Eu cruzo meus braços sobre o peito, sabendo que ela tem razão, mas ainda inseguro. Estou tão exausto emocionalmente que só quero acabar com esse assunto.

— Podemos encerrar mais cedo hoje?

Normalmente, ela insistiria para que eu derramasse um pouco mais de minhas merdas até que eu me visse refletindo sobre tudo isso sozinho, mas hoje ela é generosa e simplesmente me dá um aceno de cabeça em confirmação. Me levanto e pego minha mochila do chão. Abro e estendo um pacote pesado para ela.

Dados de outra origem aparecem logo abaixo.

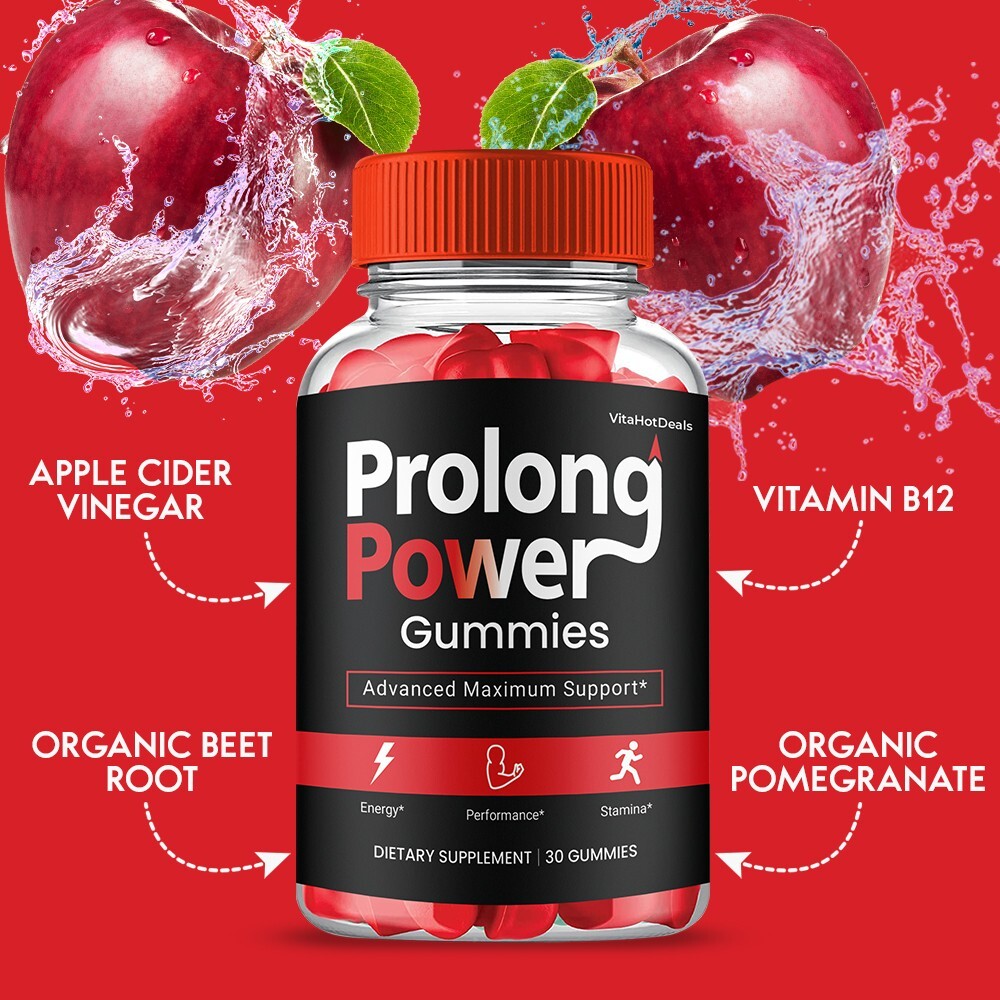 Avenura Prolong Power Pills For Men All-Natural Male Health - View #4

Hana pega a sacola de presente com uma expressão de curiosidade.

— O que é isso?

— Alguma história em quadrinhos sobre um super-herói que pula de navios. Uma garota na livraria me ajudou a encontrar, então se não estivermos falando do mesmo Capitão Flecha, reclame com ela.

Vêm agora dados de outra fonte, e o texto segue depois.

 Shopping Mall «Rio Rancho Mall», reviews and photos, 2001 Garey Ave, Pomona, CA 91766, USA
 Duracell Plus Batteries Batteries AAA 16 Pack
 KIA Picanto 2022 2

Ela sorri amplamente conforme analisa o presente.

— Há quase todas as edições em capa dura aqui. Sua garota acertou em cheio. Obrigada.

— Nerd — zombo, fechando a minha mochila e a jogando no ombro.

— Ok, garoto popular. Deus te livre ser visto no consultório de uma nerd-barra-geek perdedora como eu.

— O que posso fazer? Preciso manter o meu status.

Ela mantém o sorriso.

— Ei, Aaron, eu gostaria de fazer uma festinha de comemoração atrasada na minha casa no sábado. Minha prima mais nova veio de viagem e quer muito te conhecer. Se você puder...

— Esqueça — a corto, já sabendo suas intenções por trás disso.

— Ora, vamos lá, Aaron. É só uma chance de você fazer novos amigos.

— Eu não faço novos amigos — digo enquanto ignoro sua expressão de repreenda, já andando em direção à porta. — Feliz Aniversário, Hana.